OTHER: This bill addresses WSDA as the lead agency, focuses the restrictions to turf fertilizer, and fixes the inconsistencies that existed between the regulatory requirements for use and the regulatory requirements for distribution. There are two remaining concerns with the bill, specifically whether fertilizers derived from organic materials and biosolids should be exempt and whether violations of the use should be different than other violations concerning the regulation of fertilizer. Professionalism and competency cannot be legislated. This is a feel good mandate for a real problem. There is a serious need to continue to educate everyone on the use of fertilizer, not just fertilizer containing phosphorus. It would be helpful if there was a sell through option to allow retailers to sell their existing inventory, rather than having to pack it up and ship it out of state.
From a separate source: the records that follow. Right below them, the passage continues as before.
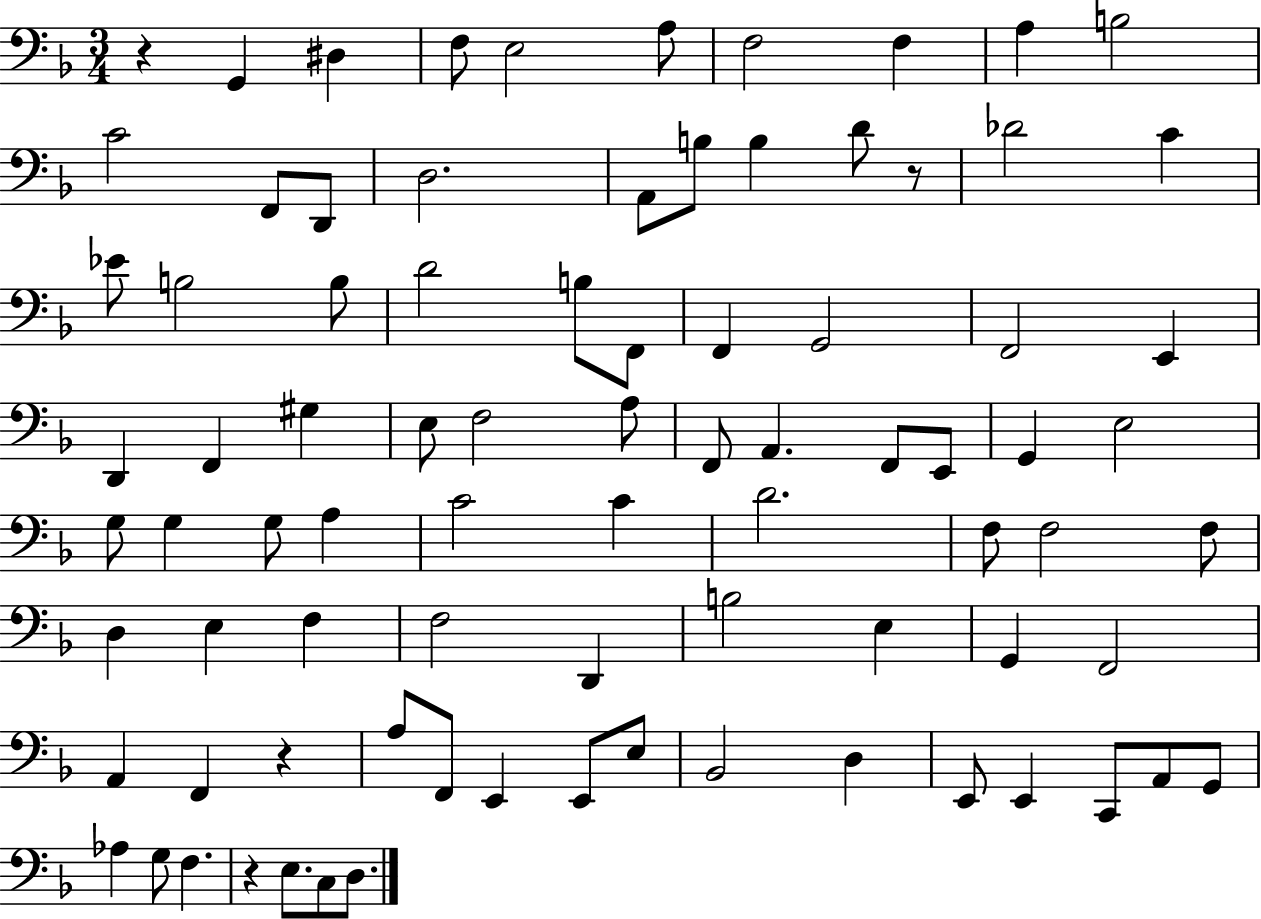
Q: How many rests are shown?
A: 4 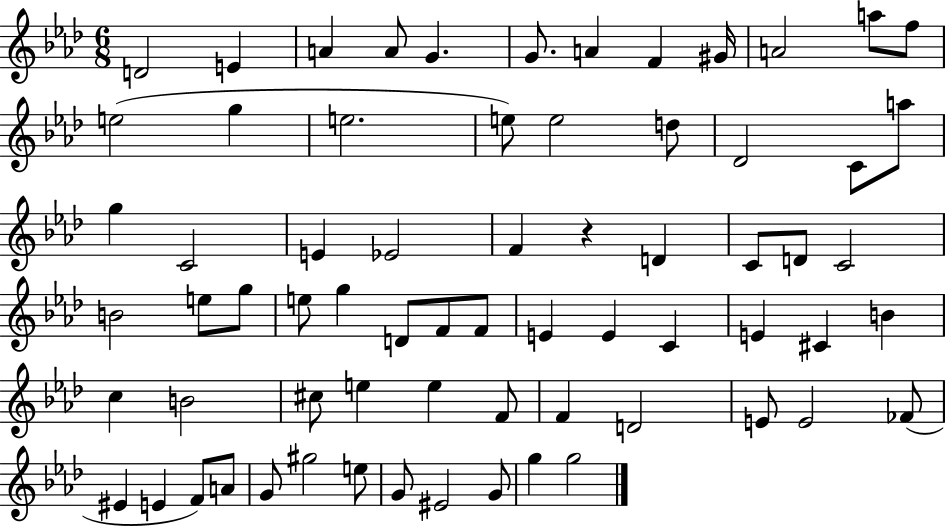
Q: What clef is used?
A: treble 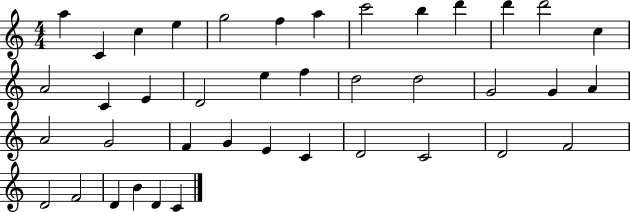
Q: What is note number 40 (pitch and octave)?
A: C4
Persons Testifying: PRO: Representative Billig, prime sponsor; Jonathan Frodge, City of Seattle; Joe Daniels, WA Lakes Protection Assn.; Beth leDoux, King County; Jerry Smedes, Perfect Blend Organics; Melissa Gombosky, Inland Empire Paper Company; Cliff Traisman, WA Environmental Council, WA Conservation Voters; Neil Beaver, The Lands Council, WA Audubon; Mitch Denning, Alliance of Educational Assn.; Charlie Brown, Scotts Miracle Gro.
CON: Tom McBride, Far West Agribusiness Assn.; Joanne McNeil, WA State Nursery, Landscape Assn.; Paul Ramsdell, Western WA Golf Course Superintendent Assn.; Heather Hanson, WA Friends of Farms and Forests, WA Assn. of Professional Landscapers.
OTHER: Ted Maxwell, WSDA; Linda Whitehead, Whitehead Landscape and Design; Mark Johnson, WA Retail Assn.